Le huis clos pourrait être un genre en soi – et certains sous-genres, comme le film de sous-marin par exemple (voir Das Boot), y sont intimement liés. Il appelle en tout cas, plus largement, comme un accord tacite entre les cinéastes et les spectateurs. Il induit une alliance entre la gageure et l’exercice de style. Il implique un challenge, pour le cinéaste qui le met en scène, et il suscite une attente, pour le spectateur qui le jugera. Plus que l’histoire qu’il raconte, plus que le sujet du film, c’est alors le décor qui importe. Comment s’en sont-ils sortis ? Quels trésors d’imagination ont-ils inventés, scénaristiquement et techniquement, pour ne pas se répéter et tenir en haleine le spectateur ? Il y a comme une promesse avec le huis clos. Celle d’un défi entre le réalisateur et son spectateur – peut-être plus attentif qu’à l’accoutumée à la mise en scène – et le relever, c’est s’exposer, innover, inventer, étonner. On reverra par exemple l’incroyable plan séquence (numérique) du Panic Room de David Fincher, suivant l’effraction des cambrioleurs tout en donnant une vue en coupe de la maison : prouesse technique qui, tout en jouant avec les contraintes de l’espace, le délimite, sans oublier de faire basculer le film dans un climat de huis clos anxiogène. Mais on pourra revoir également, à l’opposé, à l’autre bout du spectre, un film comme Dogville où Lars Von Trier, lui aussi formaliste patenté, dans un dépouillement total, aura réduit le décor à un marquage à la craie sur une scène de théâtre. Sur le papier, le film a la teneur d’une expérimentation, mais à l’écran il affiche la tenue d’un mélodrame sado-maso tel que le Danois en a le secret.
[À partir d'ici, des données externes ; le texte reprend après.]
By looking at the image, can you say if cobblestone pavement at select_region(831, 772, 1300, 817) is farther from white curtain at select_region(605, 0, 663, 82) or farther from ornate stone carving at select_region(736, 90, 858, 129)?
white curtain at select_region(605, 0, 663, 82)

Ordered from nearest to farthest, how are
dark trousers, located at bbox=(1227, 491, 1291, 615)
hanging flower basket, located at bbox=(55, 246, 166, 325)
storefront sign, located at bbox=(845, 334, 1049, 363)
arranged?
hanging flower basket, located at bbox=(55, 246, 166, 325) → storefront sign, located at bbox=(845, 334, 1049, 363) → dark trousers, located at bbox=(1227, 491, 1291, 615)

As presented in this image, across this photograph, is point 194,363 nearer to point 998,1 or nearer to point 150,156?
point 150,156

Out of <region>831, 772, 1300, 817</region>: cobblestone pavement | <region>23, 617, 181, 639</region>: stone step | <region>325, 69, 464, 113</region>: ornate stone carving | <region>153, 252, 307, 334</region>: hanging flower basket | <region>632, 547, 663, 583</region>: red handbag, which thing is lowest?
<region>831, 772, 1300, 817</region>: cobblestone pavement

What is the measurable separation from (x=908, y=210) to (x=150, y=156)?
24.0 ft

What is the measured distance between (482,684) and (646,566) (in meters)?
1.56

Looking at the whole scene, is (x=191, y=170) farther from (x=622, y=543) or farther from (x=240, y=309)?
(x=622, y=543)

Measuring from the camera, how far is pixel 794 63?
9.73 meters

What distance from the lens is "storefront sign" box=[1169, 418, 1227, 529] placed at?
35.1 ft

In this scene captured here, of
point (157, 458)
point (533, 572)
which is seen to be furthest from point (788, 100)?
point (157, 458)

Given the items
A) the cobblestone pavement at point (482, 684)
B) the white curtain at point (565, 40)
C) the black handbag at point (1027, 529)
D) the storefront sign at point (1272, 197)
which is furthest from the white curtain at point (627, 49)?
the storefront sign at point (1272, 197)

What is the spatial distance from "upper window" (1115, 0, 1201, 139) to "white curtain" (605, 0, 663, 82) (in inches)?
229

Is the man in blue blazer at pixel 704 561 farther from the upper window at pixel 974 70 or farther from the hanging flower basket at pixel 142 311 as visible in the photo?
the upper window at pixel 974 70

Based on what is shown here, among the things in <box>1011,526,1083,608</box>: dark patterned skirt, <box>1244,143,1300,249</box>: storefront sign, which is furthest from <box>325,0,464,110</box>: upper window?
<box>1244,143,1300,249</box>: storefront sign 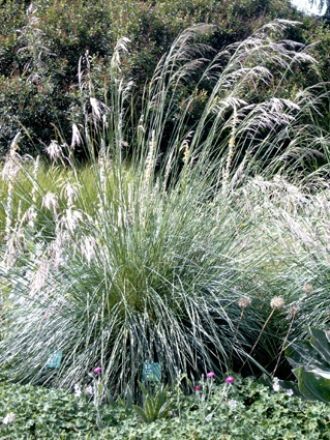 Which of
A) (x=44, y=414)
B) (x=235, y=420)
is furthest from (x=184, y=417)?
(x=44, y=414)

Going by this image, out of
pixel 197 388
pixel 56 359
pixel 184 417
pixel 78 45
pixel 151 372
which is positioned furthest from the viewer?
pixel 78 45

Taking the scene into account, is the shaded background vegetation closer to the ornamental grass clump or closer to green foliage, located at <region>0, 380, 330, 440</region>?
the ornamental grass clump

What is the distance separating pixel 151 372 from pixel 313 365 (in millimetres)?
802

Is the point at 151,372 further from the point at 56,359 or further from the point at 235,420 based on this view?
the point at 235,420

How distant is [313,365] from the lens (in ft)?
12.5

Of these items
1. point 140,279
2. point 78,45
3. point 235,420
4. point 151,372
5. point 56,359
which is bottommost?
point 56,359

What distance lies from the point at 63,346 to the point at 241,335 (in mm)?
922

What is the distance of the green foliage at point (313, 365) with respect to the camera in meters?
3.57

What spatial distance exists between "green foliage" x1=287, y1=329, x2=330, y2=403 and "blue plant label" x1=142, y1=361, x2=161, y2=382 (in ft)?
2.16

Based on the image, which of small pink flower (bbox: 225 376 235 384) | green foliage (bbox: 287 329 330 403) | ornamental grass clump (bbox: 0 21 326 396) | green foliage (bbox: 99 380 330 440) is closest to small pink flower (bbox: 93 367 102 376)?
ornamental grass clump (bbox: 0 21 326 396)

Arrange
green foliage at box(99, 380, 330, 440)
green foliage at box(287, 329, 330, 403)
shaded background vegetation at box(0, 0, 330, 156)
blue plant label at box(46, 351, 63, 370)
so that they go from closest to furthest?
green foliage at box(99, 380, 330, 440) < green foliage at box(287, 329, 330, 403) < blue plant label at box(46, 351, 63, 370) < shaded background vegetation at box(0, 0, 330, 156)

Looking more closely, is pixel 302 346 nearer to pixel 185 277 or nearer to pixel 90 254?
pixel 185 277

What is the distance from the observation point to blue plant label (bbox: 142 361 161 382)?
149 inches

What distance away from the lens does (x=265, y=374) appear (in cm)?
400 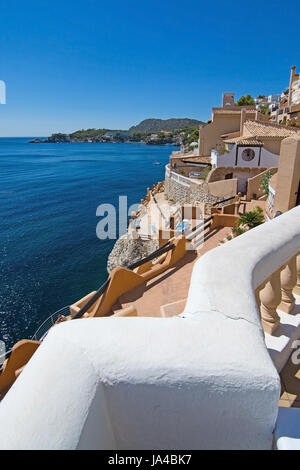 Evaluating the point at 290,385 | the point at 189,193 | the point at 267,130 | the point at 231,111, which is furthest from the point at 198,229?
the point at 231,111

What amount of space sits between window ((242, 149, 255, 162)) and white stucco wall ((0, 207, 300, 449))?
29.9 metres

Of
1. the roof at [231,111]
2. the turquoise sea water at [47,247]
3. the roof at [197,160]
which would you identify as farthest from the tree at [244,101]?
the turquoise sea water at [47,247]

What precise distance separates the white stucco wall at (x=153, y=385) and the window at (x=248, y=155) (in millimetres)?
29928

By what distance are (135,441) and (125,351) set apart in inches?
23.8

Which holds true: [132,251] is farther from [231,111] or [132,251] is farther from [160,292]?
[231,111]

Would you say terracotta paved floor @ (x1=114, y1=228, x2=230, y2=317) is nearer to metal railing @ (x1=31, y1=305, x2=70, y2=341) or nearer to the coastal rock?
metal railing @ (x1=31, y1=305, x2=70, y2=341)

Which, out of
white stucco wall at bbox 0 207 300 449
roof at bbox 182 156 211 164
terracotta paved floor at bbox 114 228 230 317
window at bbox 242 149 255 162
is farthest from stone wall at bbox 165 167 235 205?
white stucco wall at bbox 0 207 300 449

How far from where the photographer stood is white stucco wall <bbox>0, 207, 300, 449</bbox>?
45.8 inches

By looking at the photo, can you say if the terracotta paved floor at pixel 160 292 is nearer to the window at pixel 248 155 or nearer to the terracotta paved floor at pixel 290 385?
the terracotta paved floor at pixel 290 385

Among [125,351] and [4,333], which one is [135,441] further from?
[4,333]

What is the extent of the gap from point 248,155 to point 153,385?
30.5 meters

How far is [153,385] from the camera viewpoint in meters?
1.30

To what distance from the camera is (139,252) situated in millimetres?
23750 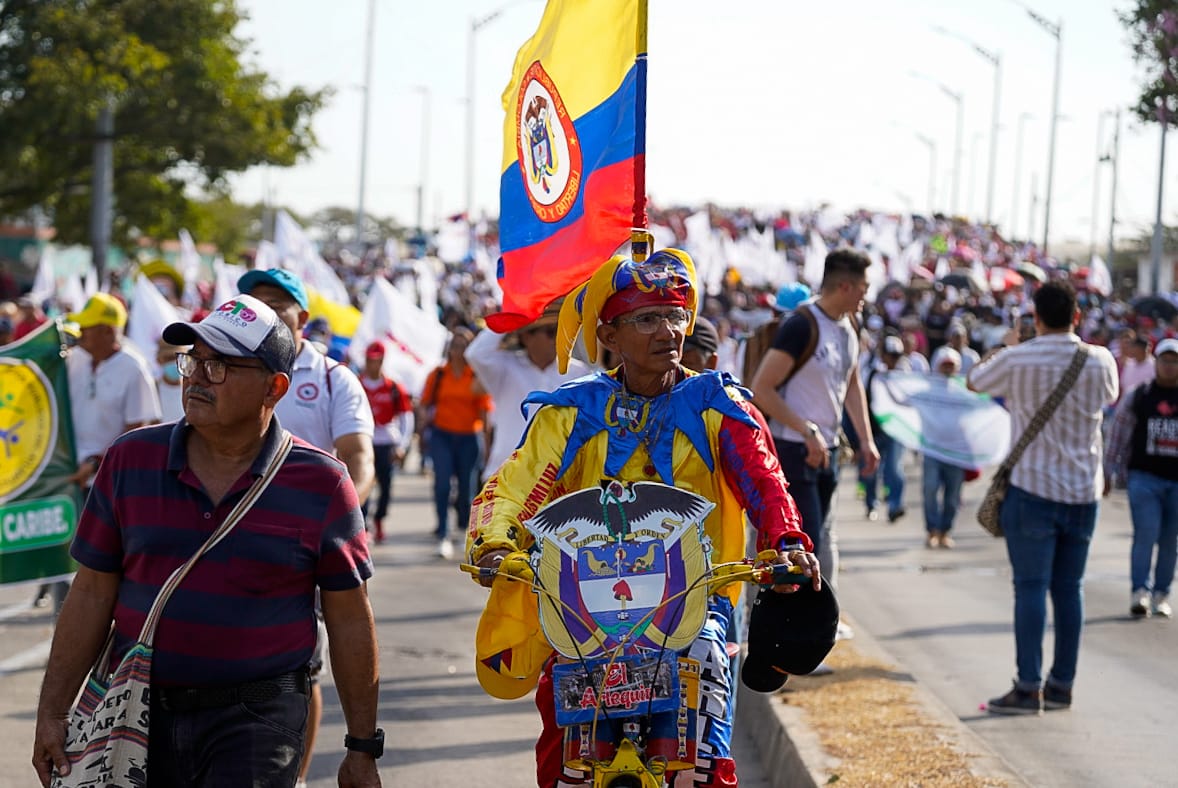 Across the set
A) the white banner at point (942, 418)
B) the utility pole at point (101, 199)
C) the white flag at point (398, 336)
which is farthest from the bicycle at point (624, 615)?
the utility pole at point (101, 199)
Le huis clos, par les contraintes qu’il implique, ouvre paradoxalement un champ des possibles, comme l’Oulipo par son jeu de contraintes littéraires invite à développer ses capacités créatrices. Cela peut aller du pari de réaliser entièrement un long métrage avec un personnage enfermé dans un cercueil enterré (Buried) à la parabole buñuelienne avec L’Ange exterminateur dont les cadres du huis clos semblent contenir un tableau surréaliste animé. Mais cela ne l’empêche pas pour autant d’être ludique, reprenant par exemple la forme d’un Cluedo : huit femmes ou huit salopards, selon l’humeur ou la sensibilité de chacun et chacune.
Vous l’aurez compris, avec cette programmation de films tournés en huis clos (qui n’est qu’un petit panel de ce que le cinéma a pu produire), c’est à la fois à une réflexion sur la mise en scène des espaces, poussée à son paroxysme par l’usage d’un décor réduit (la place du cadre et des comédiens dans cet espace), que nous vous invitons, et à relever le défi des cinéastes qui s’y sont essayés.